Reducing Sedimentation on the Boardman River Through Greater Public Involvement
Grand Traverse Soil and Water Conservation District
Basin Program Funds:
A 1991 study entitled Boardman River Watershed Report identified over 600 eroded
sites along the Boardman River and its tributaries; 85% of these sites are the
result of human activity. The sediment entering the river from these sites has
significantly degraded the productivity of this state-designated "Blue Ribbon"
trout stream and has negatively impacted the recreational opportunities offered
by the river. In addition to correcting these problems, long term protection
of the area's soil and water resources as well as improved riparian landowner
and user group stewardship is imperative.
The goal of this program was to reduce sedimentation and water quality degradation
in the Boardman River Watershed through greater public involvement by: (1) providing
hands-on opportunities for students, riparian landowners, and user groups to
stabilize and revegetate stream bank erosion sites within the watershed; and
(2) conducting an interactive river ecology workshop for the general public
where they will improve their understanding of river system dynamics and how
their individual actions may affect a river.
Restoration of the Boardman River is an ongoing project and the
focus of national attention. Through a Section 319 grant from the Michigan Department
of Natural Resources, a successful grant (1994) from the Great Lakes Commission,
and with local support from over 200 partners, the District has restored 108
of 600 identified erosion sites since 1993. This had stopped an estimated 1,500
tons of sand from entering the Boardman River System each year.
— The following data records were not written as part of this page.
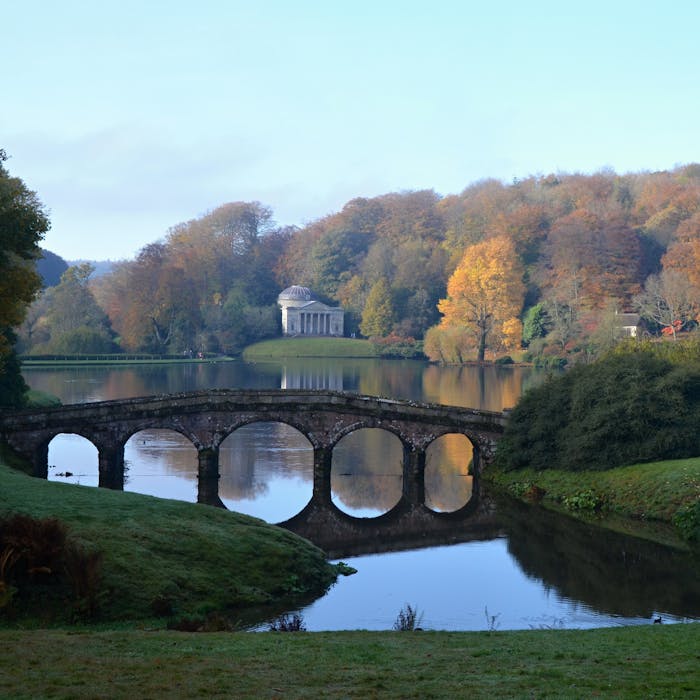 Stourhead - Italianate mansion and spellbinding lakeside gardens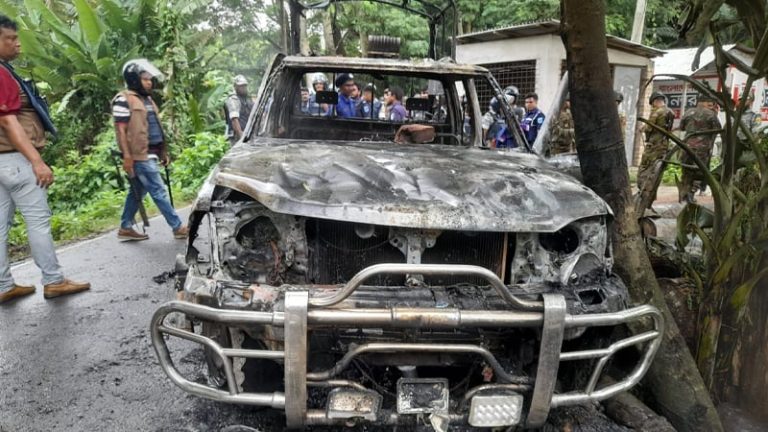 গোপালগঞ্জে এনসিপির পদযাত্রার আগে পুলিশের গাড়িতে আগুন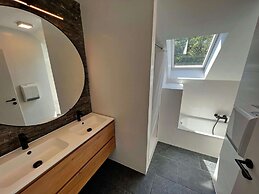 Villa in Durbuy With Jacuzzi & Golf Access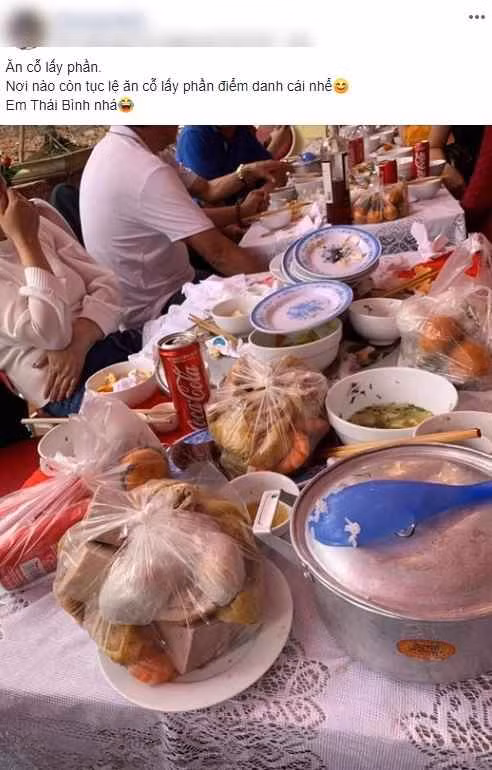 Hình ảnh đi ăn cỗ lấy phần mang về trên được chụp vừa có vẻ xúc động, nhưng cũng rất đỗi hài hước. Nhiều người cho rằng đây là hành động không có gì đáng nói và khá bình thường.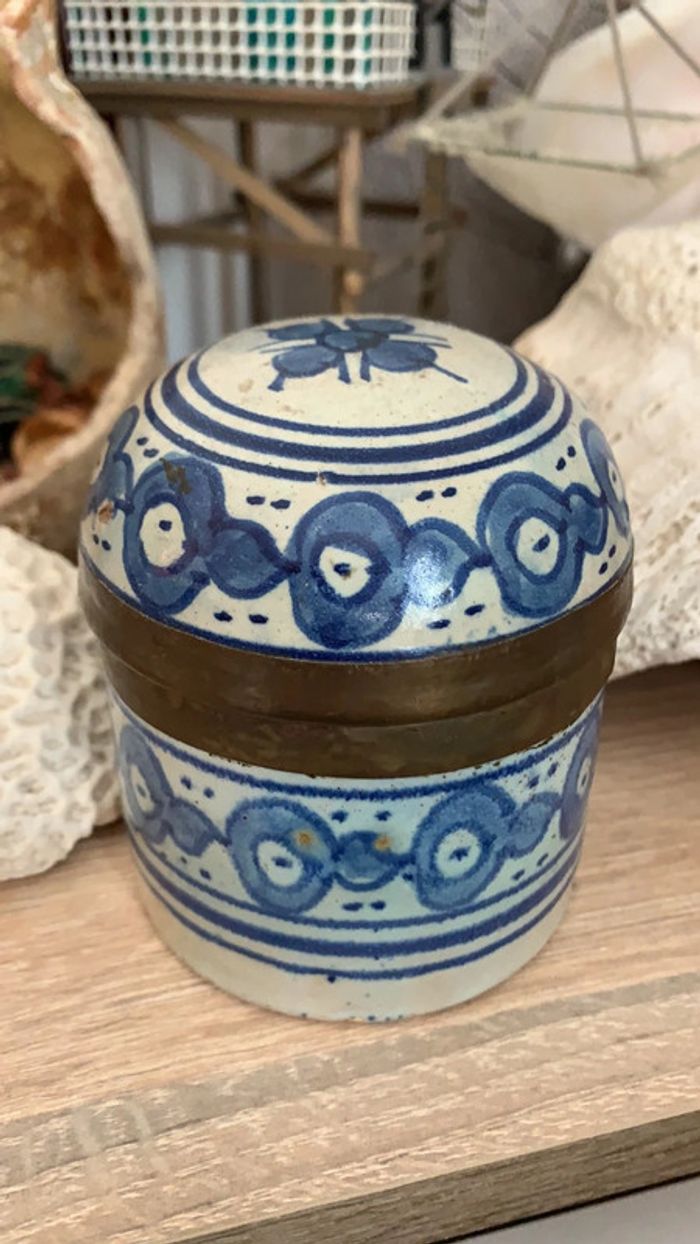 Boîte ancienne artisanale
To complement
this effort and look toward the future, the current project will increase public
involvement in the process through the hands-on opportunities and interactive
workshop mentioned above.
: The following work was completed to provide
hands-on opportunities for riparian landowners and user groups to stabilize
and revegetate stream bank erosion sites within the watershed. Over 75 people
including landowners, Trout Unlimited members, employees from local businesses,
students from the Ausable Institute, and eighth graders from Kingsley School
restored fourteen sites. This work consisted of:
- Placing 190 tons of rip-rap and 110 cubic yards of top soil on three actively
- Placing 50 feet of fish habitat structure and 40 feet of whole-tree revetment
at these sites.
- Restoring a severely eroding recreational access site on state land and
placing 5 cubic yards of rip-rap on an associated eroding bank.
- Restoring the remaining sites with rip-rap, top soil, vegetation, and
- Earth Day activities involving 23 eighth graders.
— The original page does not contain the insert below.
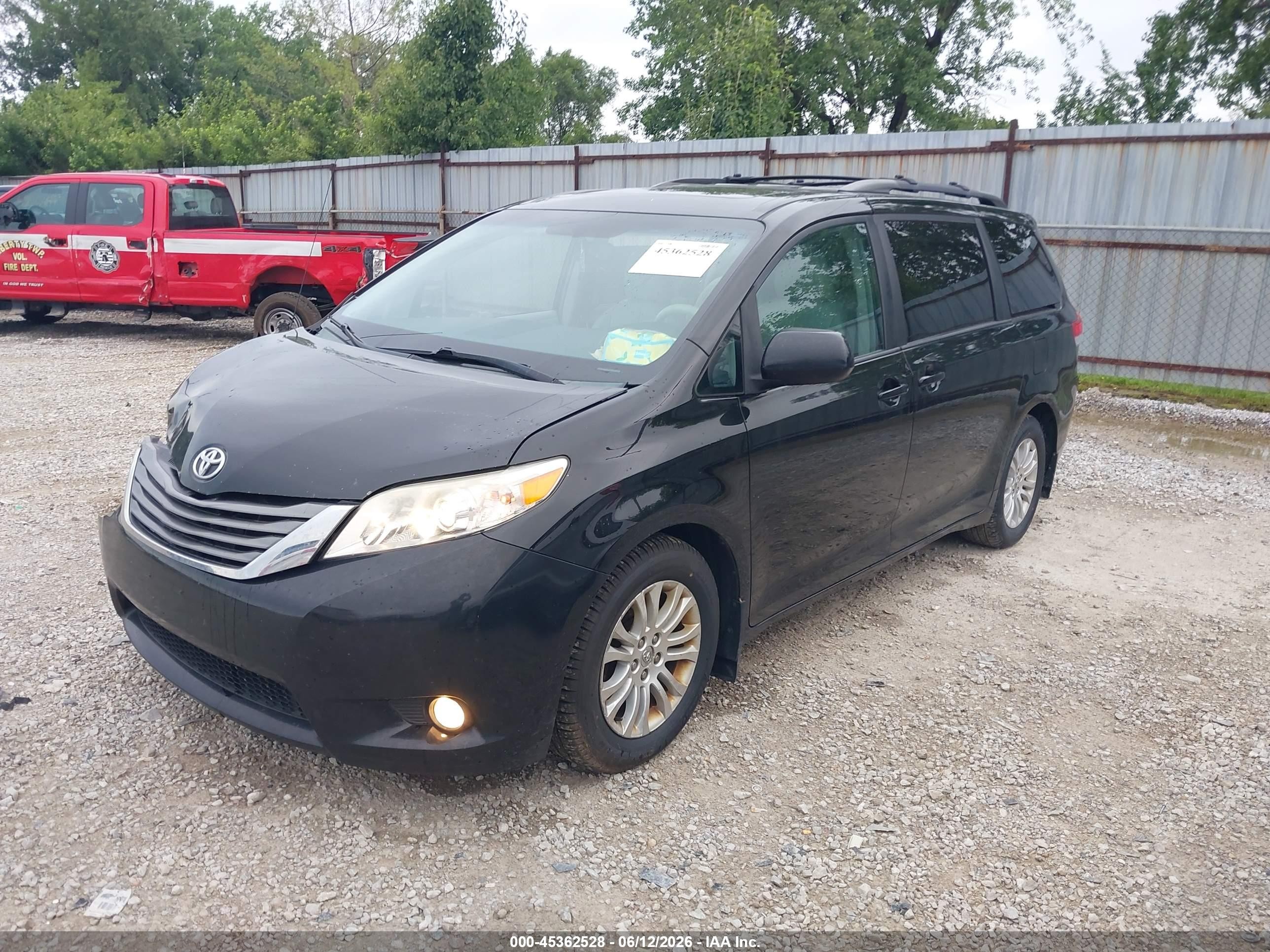 2014 Toyota Sienna Xle V6 8 Passenger Black vin: 5TDYK3DCXES420100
- Restoration by 15 students from the Ausable Institute using whole-tree
revetment and top-soil on the North Branch of the Boardman River.
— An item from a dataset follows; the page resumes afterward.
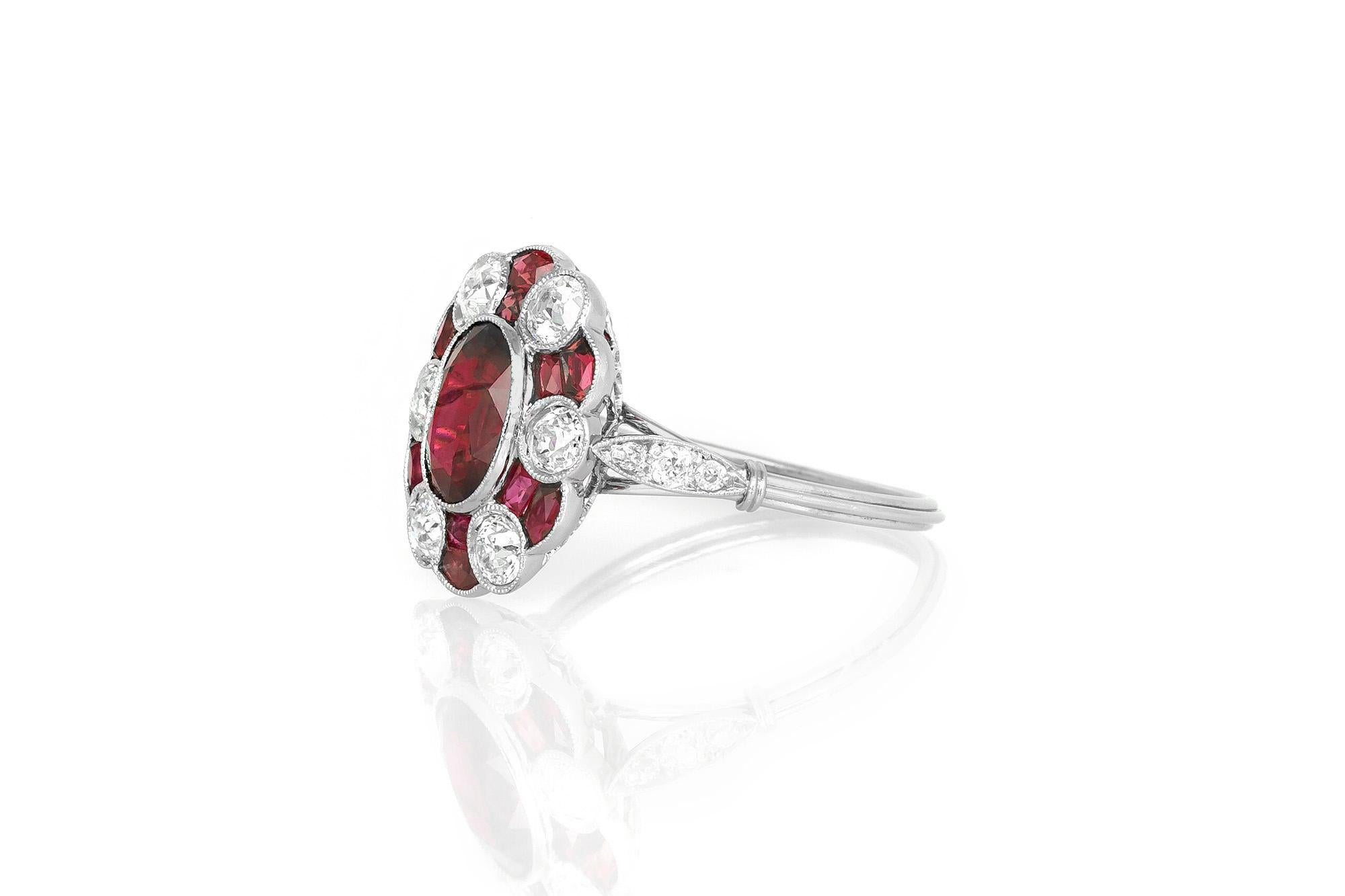 5.00 Carat Ruby and Diamond Cluster Ring In Good Condition For Sale In New York, NY
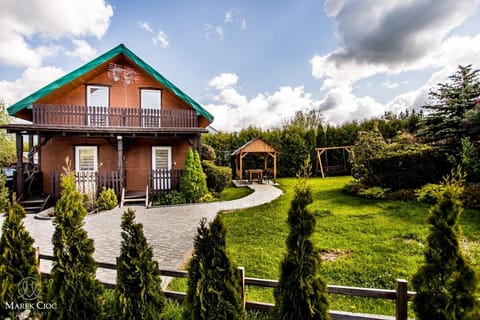 Property building, Spring, Day, Natural landscape, Garden, Garden view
Objective B: In an effort to heighten public knowledge
and awareness concerning river ecology two workshops were held. These workshops
addressed issues including laws affecting rivers, the importance of aquatic
insects, and the principles of river ecology and geomorphic processes. One workshop
involved 450 students attending the second annual Student River Congress conducted
by the Grand Traverse Bay Watershed Initiative. A model stream, constructed
with this grant, was used to demonstrate river processes and simulate restoration
techniques. The second workshop, a daylong event held along the banks of the
Boardman River, involved 1,500 people learning about river ecology.
Objective A: The project team estimated that 115 tons of soil and an
associated 193 pounds of nitrogen and 97 pounds of phosphorus are prevented
from entering the Boardman River each year as a result of these projects. As
well, a total of 756 linear feet of stream bank were treated, 6,460 square feet
of vegetative stabilization was added, and 96 linear feet of fish lunker structures
Objective B: The project reached almost 2,000 people through
the Boardman River ecology workshops.
Evaluation of the success of the Boardman River Restoration Project
continues and this information is shared with other resource management groups
around the state. Great Lakes Basin Program funds helped involve volunteers
in the restoration activities at over 20 erosion sites. Results have been reported
in the District newsletter and in the new Boardman River Project newsletter
Boardman Currents. The final results were presented at the Michigan Association
of Conservation Districts 1997 annual convention.